Children in their retail context
This issue includes contributions that focus on children and their surroundings in a retail context in four perspectives of family, technological environment, edutainment centre and price variable.
This second issue includes contributions that focusses on children and their surroundings in a retail context in four perspectives of family, technological environment, edutainment centre and price variable. For children the context of retailing is first the family which is investigated through mothers shopping for their kids then through the impact of child on family provisioning related to sustainability. The submissions include also the context of technology leading to the experiences of children with retail mobile applications and their participation in massively multiplayer online role-playing game (MMORPGs) leading to virtual retail shopping. Then the role of the edutainment centre as a socialisation agent is explored. The last component of the surrounding examined in this issue is the price of the products.

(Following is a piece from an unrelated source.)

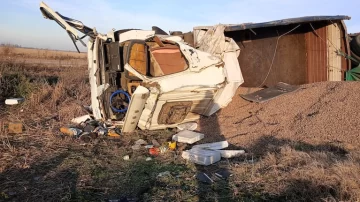 Tragedia en ruta 11: camionero murió tras volcar cerca de Monte Maíz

The first contribution by Silhouette-Dercourt and Lassus (de) investigates the motivations of mothers in purchasing luxury apparel for their pre-adolescent children through a semiotic interpretation of 21 mothers’ discourses. Young mothers fluctuate between four identity positions, identification, idealisation, transmission and creation. These results show a new research avenue like the exploration of the children’s response to their mothers’ identity motivations in relation to accessible luxury retail.
The second study by Ritch and Brownlie investigates the influence of children on the mothers’ decision making in household provisioning. Totally, 28 in-depth interviews exploring a range related topics with a group of working mothers with a profesional occupation lead to the findings that children influence sustainability, moving beyond heath implications to educate children to be responsible consumers through play and authentic experiences. The desire of mothers to act sustainably can be reinforced and restricted by the children’s influence.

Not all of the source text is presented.